Content starts

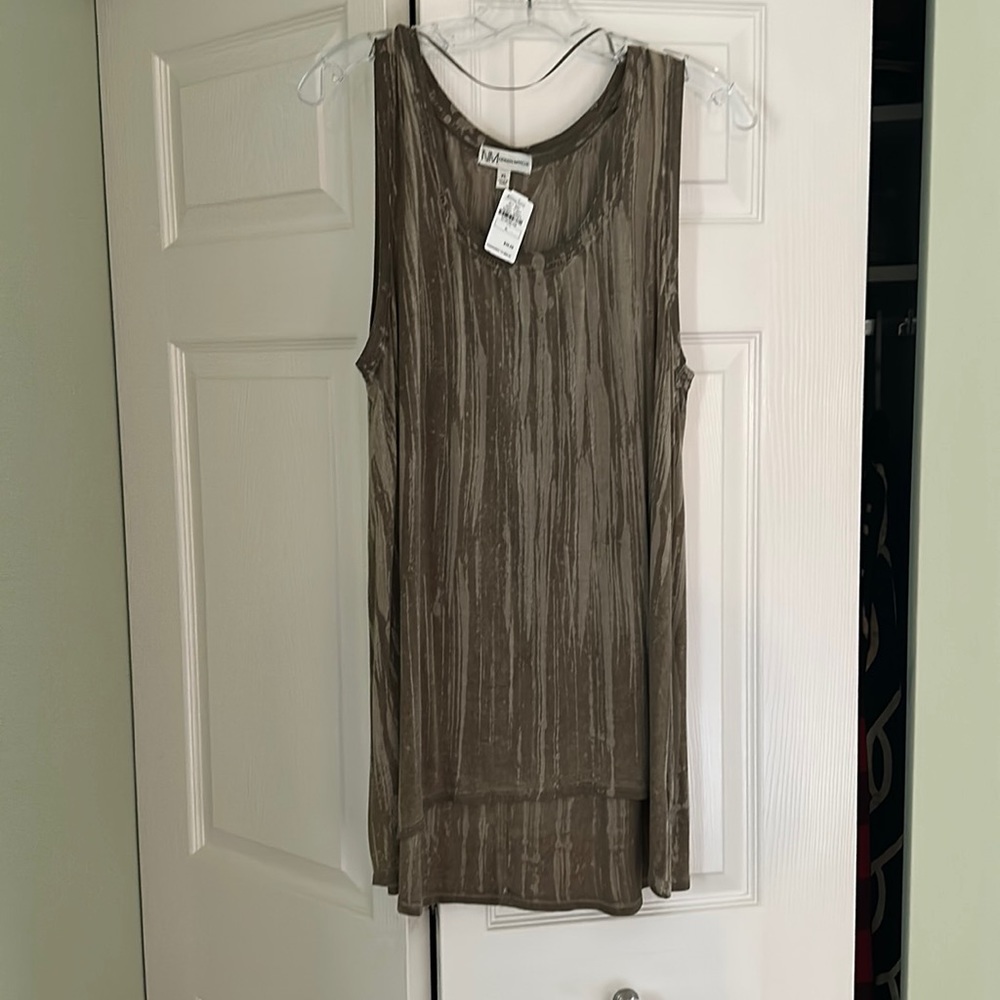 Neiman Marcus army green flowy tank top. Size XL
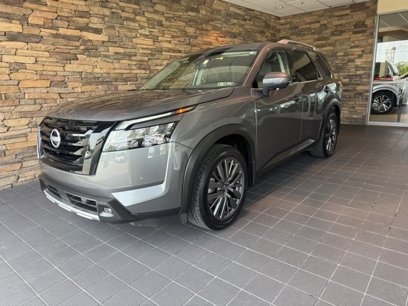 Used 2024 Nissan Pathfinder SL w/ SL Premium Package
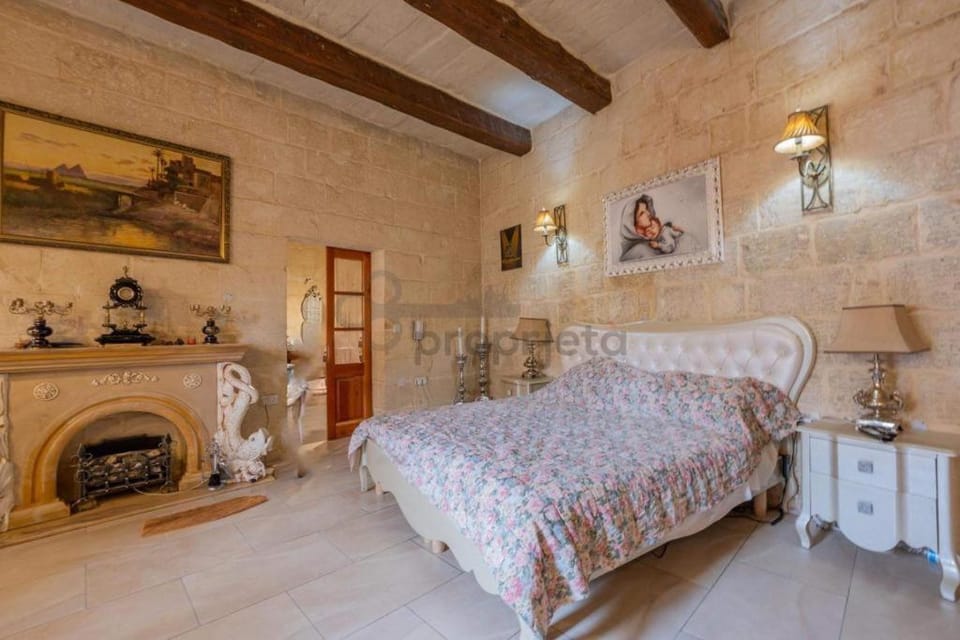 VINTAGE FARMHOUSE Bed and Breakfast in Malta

Content ends
Content starts

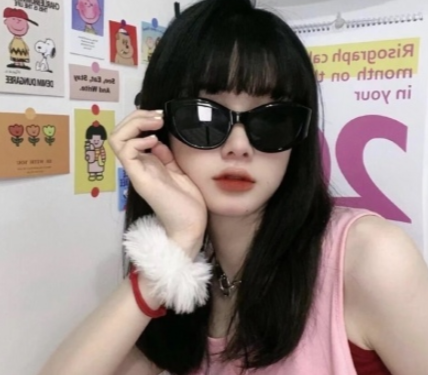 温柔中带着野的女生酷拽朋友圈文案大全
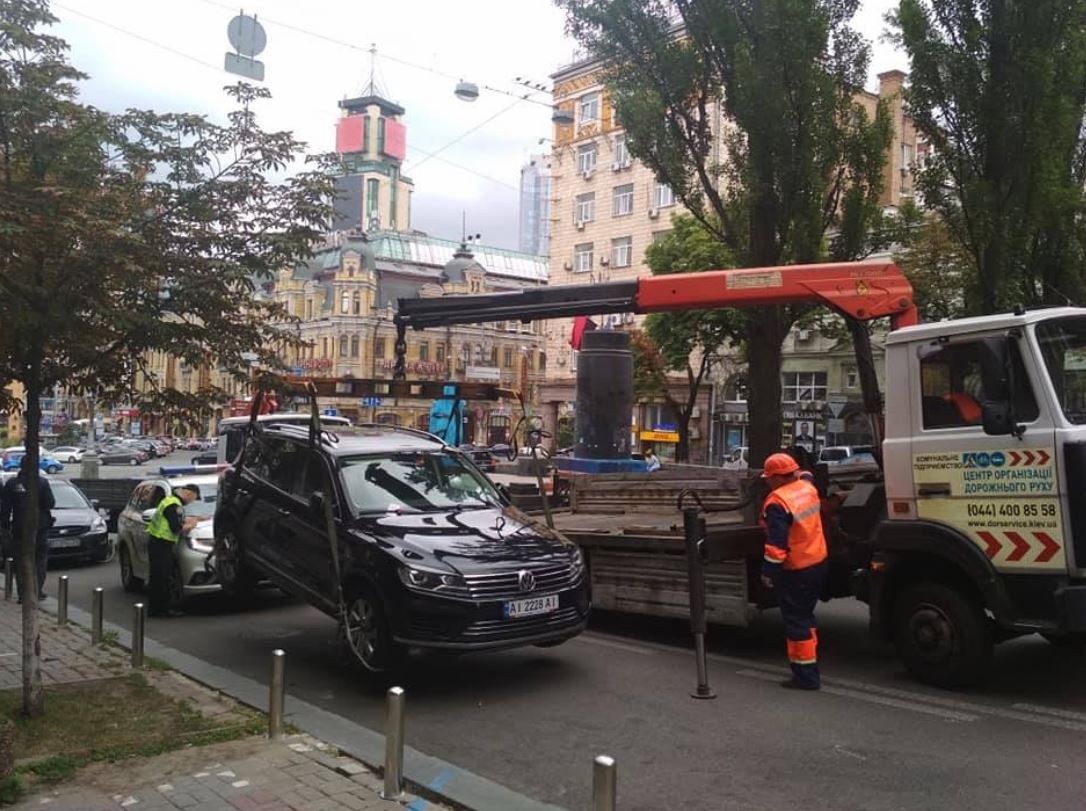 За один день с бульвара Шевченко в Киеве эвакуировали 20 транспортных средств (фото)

Content ends
Content starts

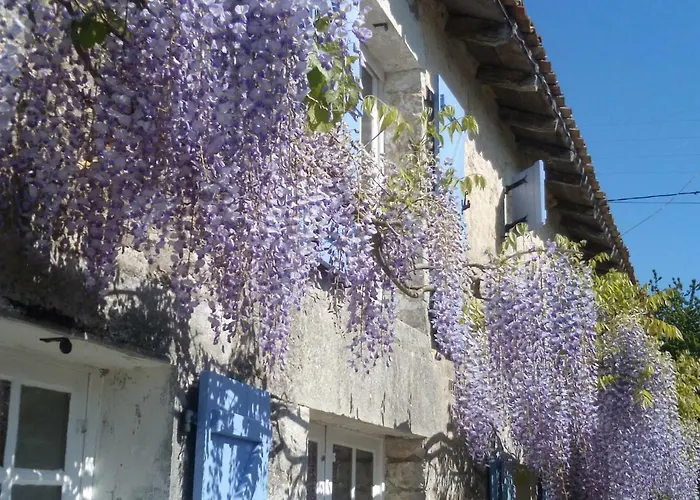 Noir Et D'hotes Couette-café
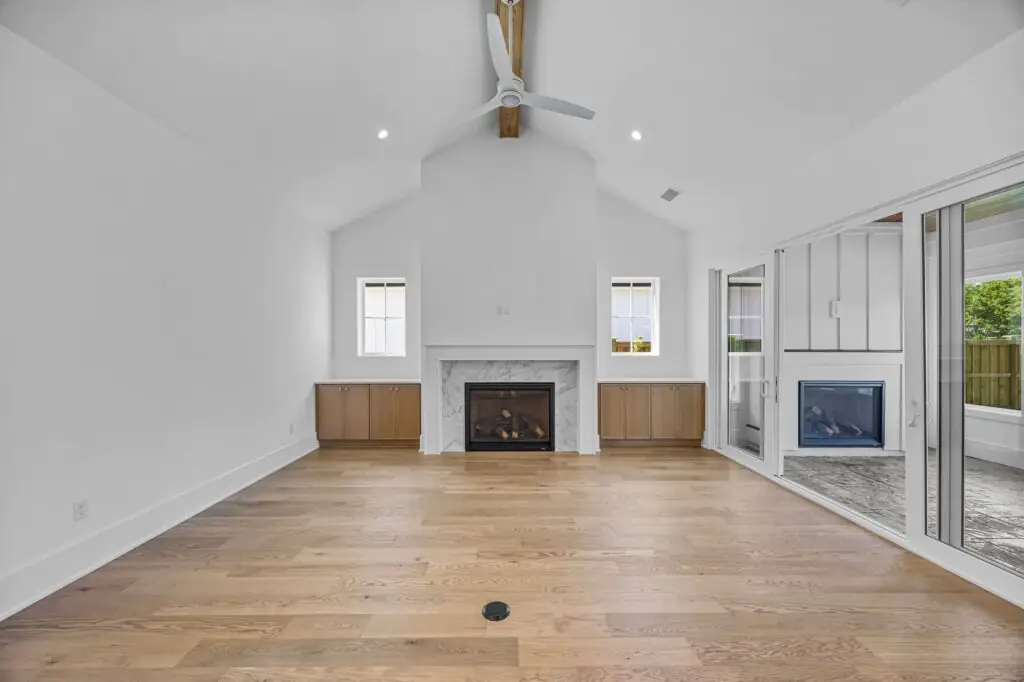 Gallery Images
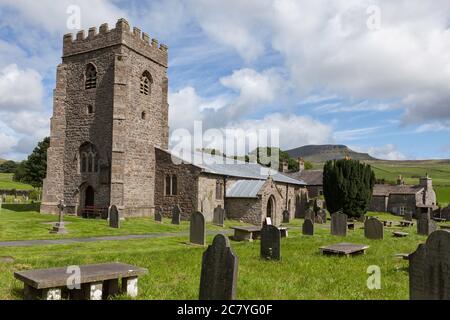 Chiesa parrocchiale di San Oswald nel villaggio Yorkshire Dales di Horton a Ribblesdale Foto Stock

Content ends

From the line containing "Gallery Images" through the line containing "Chiesa parrocchiale di", copy every line above exactly, without pictures.

#### Answer to the problem:
 Gallery Images
 Chiesa parrocchiale di San Oswald nel villaggio Yorkshire Dales di Horton a Ribblesdale Foto Stock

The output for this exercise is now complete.